IL fit profession publique de la religion catholique et souffrit lui-même le martyr avec plusieurs de ses compagnons. Maintenant comment se fait-il que le chef de ce saint se trouve aujourd'hui à Brou et par quel hasard fut-il apporté de Rome ?.
Une charte tirée de l'Aganon Vétis ( manuscrit écrit par Paul, moine vers l'an 1050 ), traduite par le notaire apostolique de St-Père et envoyée à Brou en 1620, à la demande du prieur de Brou, nous éclairera à ce sujet . La copie est précédée de la délibération suivante qui ne manque pas d'intérêt.
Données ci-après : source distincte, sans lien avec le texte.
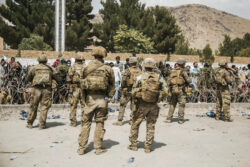 US troops surge evacuations out of Kabul but threats persist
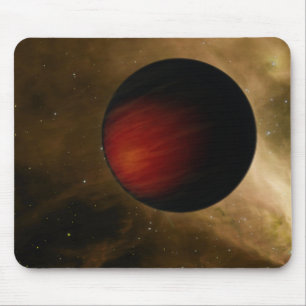 Mousepad Ilustração de um Júpiter quente chamado HD 149026b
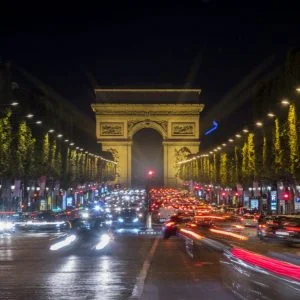 City Tour a Noite em Paris
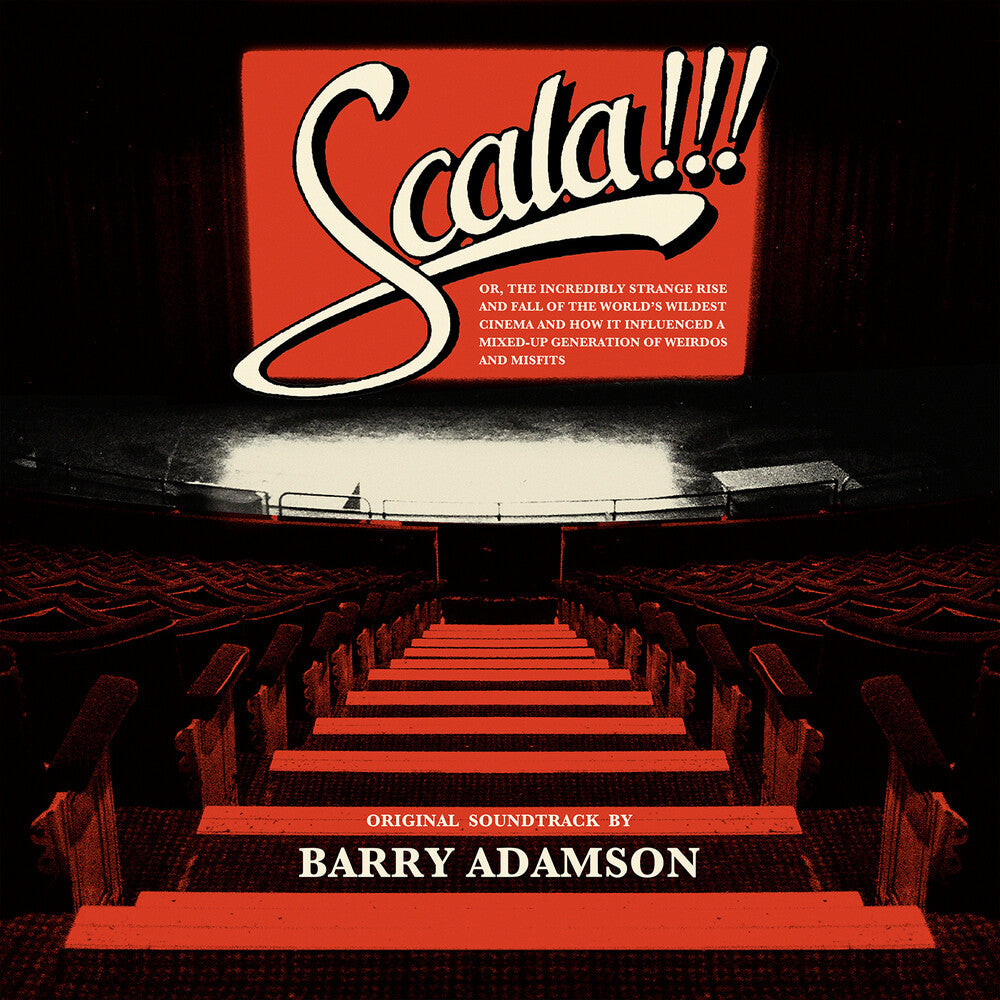 Barry Adamson (Colv) (Ltd) (Red)- Scala (Original Music By Barry Adamson) [Colored Vinyl] ( LP )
" À tous ceux que ces présentes lettres verront, les religieux prieurs de l'abbaye de St-Père en vallée de Chartres, ordre de St-Benoît, Salut ! Scavoir faisons que capitulairement et légitimement assemblé, il nous a esté présente une supplique par Nicolas Langlois, Chevallier, seigneur de la Regarderie, comme fondé de pouvoirs et procuration de vénérable père en Dieu, François de Montmorency, Abbé de Moleame et prieur commanditaire du Prieuré de St-Romain-de-Brou, diocèse de Chartres et de la dépendance de notre abbaye. Par. lequel il nous exhorte à vouloir bien communiquer et souffir que l'on cherche dans les titres, papiers et documents de notre Abbaye s'il n'y est point parlé du chef de st-Romain et de son bienheureux compagnon St-Laurent qui a été autrefois dans la chapelle de ce prieuré, sur l'autel de laquelle il est exposé à la vénération des fidèles et que les habitants de ce lieu ont toujours assuré être le véritable chef de St-Romain, afin que cela bien certifié, les chrétiens puissent avec foy honorer cette sainte relique et mieux en faire la feste".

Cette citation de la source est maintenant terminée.